To my mind, true essence is a melding of good character, mental toughness, physical strength (to the best of one’s ability) all brought together with the overarching intangible element of Budo Spirit. These elements will be discussed in detail with the hope of providing clarity of the authors thought and give the reader the opportunity to self-reflect.
If we look back to the origins of Karate, we find Bodhidharma who, legend tells us, travelled from India to the lands of the Liang Dynasty (China) where he lectured the Emperor Wu on the concepts of Buddhism. After his death, research by Gichin Funakoshi as detailed in The Essence of Karate (Kanazawa, K. Funakoshi, G. Funakoshi, G. 2013) describe the discovery of an engraved chest which was found at the site of the wall on which Bodhidharma gazed for his legendary 9 years. In the chest were two texts: The Marrow Cleansing Sutra and the Muscle Modifying Sutra. Marrow cleansing (Funakoshi, G. 1935) means the cleansing of the mind so that it’s true light may shine. Muscle modifying refers to strength while modifying means to change. We see from his writings Bodhidharma believed that the path to enlightenment necessitated training to cultivate physical and mental fortitude. The skill of the Shaolin Monks that Bodhidharma trained is a legend that continues to this day. We see much of this thinking, the melting pot of mental and physical endeavours, across many martial arts and oriental activities which at the very highest of levels has produced stories of outstanding individuals.
Finding essence as a beginner.
Today, many of us live in the now. I am currently studying for a Masters in Cyber Psychology and some of the statistics that are coming to the surface from how technology has changed our lives are more than worrying. By multitasking, for example, feeding our young children whilst texting, we are reducing the time we spend bonding with our babies by over a third which leads to problems in anger management, emotional intelligence and self-regulation. Furthermore, we have outsourced our working memory… in 1965 our working memory could handle 7 +/-2 points of information. Today, due to our over dependence on Google, devices and the internet, the current population of the same age can only remember 5 +/-1. The above is important as it helps us to understand the mentality of those who join our dojos and how their Senseis need to direct their studies. Karate takes a while to unveil itself to beginners and reveal a path towards the possible. In the beginning period is eillusive and for many, confusing. Good Senseis will gradually introduce new starters to a range of experiences that will enthuse rather than frighten, a good example the Sensei who warns more experienced fighters to help beginners and reduce their work rate etc.

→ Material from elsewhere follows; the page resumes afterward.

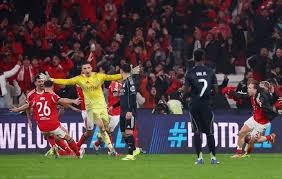 什么是大盲和小盲？德州扑克强制盲注的深层逻辑。（德州扑克大小盲详解：强制盲注的原理与本质）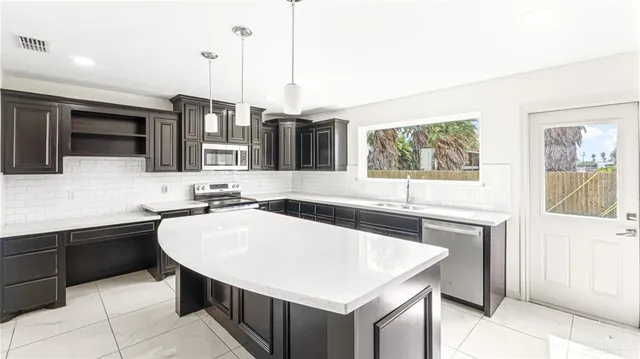 $369,900 | 2201 Antelope Cyn Street, Edinburg, TX 78541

Back when I started training there was only TV, Radio and the outdoors. My Sensei was passionate about history and a fan of working us hard. Much like developing your personal brand, I believe that finding “essence” is movable. For the beginner me who walked into the dojo, any deeper meaning was almost impossible, I was in survival mode. Yet the characteristics I described earlier, (good character, mental toughness, physical strength and the consistently striving for improvement) were called into focus by my Sensei. I should mention that at this time I was training in Shotokan Karate and we followed the line of Sensei Kase. Legendary for the ability to generate power and immovable force.
Essence for me at this point was quite simple yet also elusive, somehow I had to get through training and aspire to be as good as some of my dojo colleagues. I mentioned my Sensei was tough, he had very high standards for us and was ruthless in his demand for good etiquette.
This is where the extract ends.